--- STORED DATA Enclosed Below ---
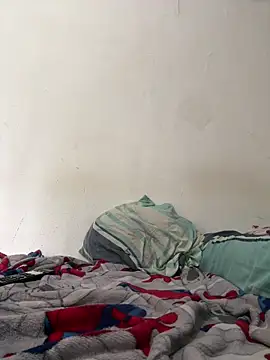 Ceninth online show from October 8, 4:11 pm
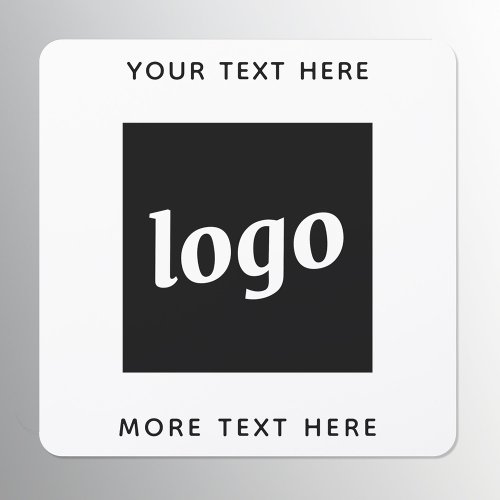 Custom alt text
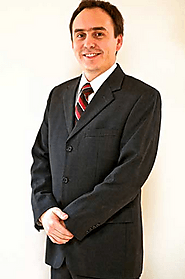 Dr. Omar Alejandro Romero Salas - Medical Departures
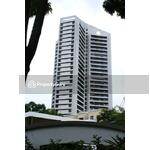 For Rent - Wing on Life Garden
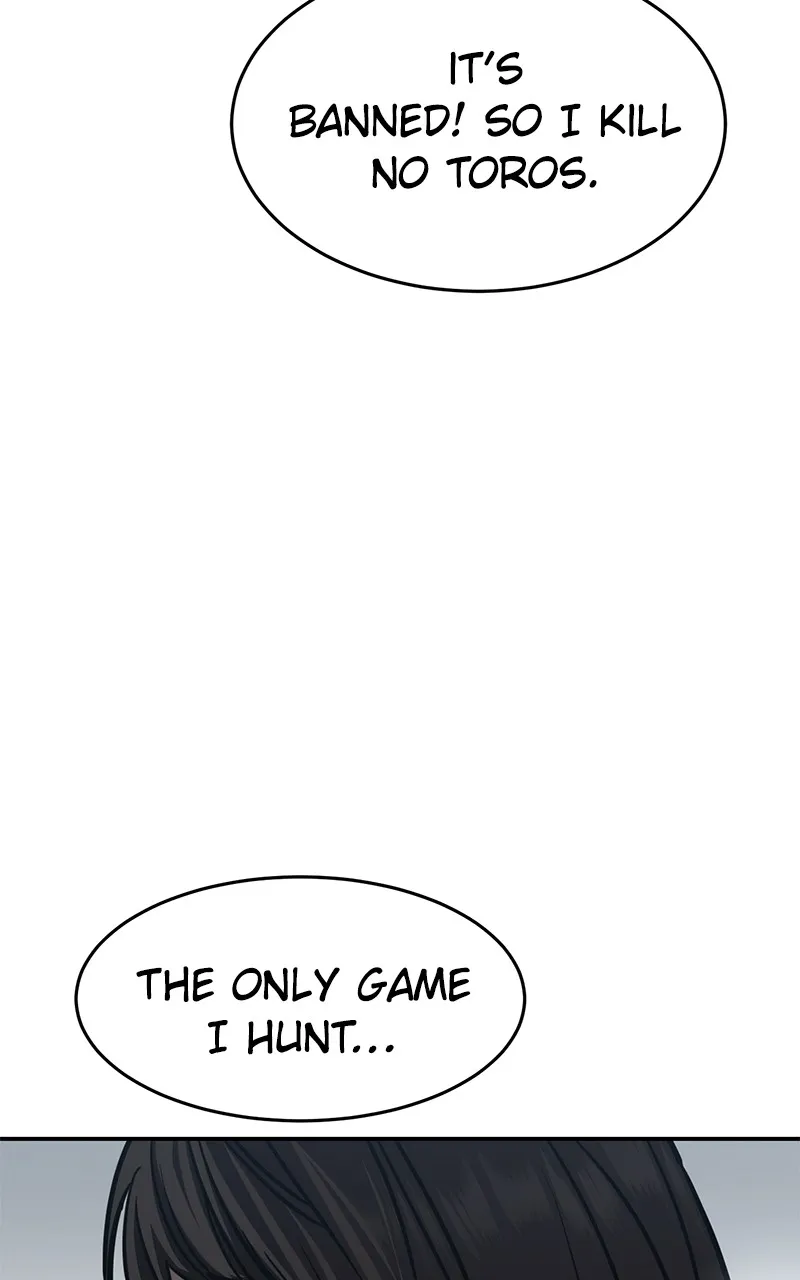 Read Dead Mansion chapter 27 image 118 on Lezhin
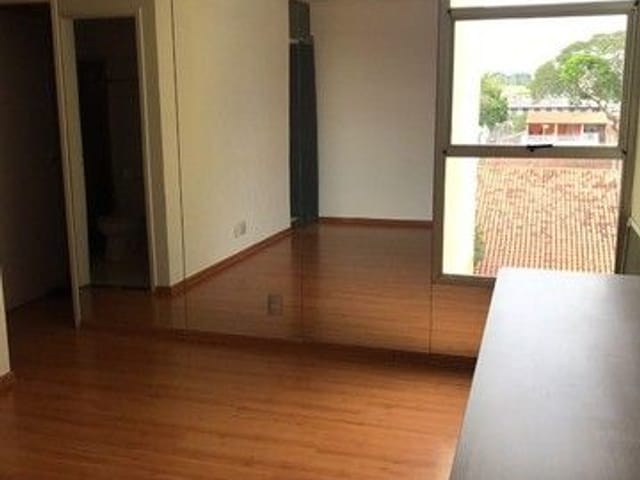 Foto do Apartamento - Apartamento com 2 dormitórios à venda, 51 m² por R$ 205.000,00 - Jardim Anhembi - São José dos Campos/SP | INDEPENDENCE NEGOCIOS IMOBILIARIOS LTDA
--- End of Enclosed STORED DATA ---
▸ **WHAT IS NEEDED**
Write out the data in full and exactly as given, though without the images.

▸ **OUTPUT**
 Ceninth online show from October 8, 4:11 pm
 Custom alt text
 Dr. Omar Alejandro Romero Salas - Medical Departures
 For Rent - Wing on Life Garden
 Read Dead Mansion chapter 27 image 118 on Lezhin
 Foto do Apartamento - Apartamento com 2 dormitórios à venda, 51 m² por R$ 205.000,00 - Jardim Anhembi - São José dos Campos/SP | INDEPENDENCE NEGOCIOS IMOBILIARIOS LTDA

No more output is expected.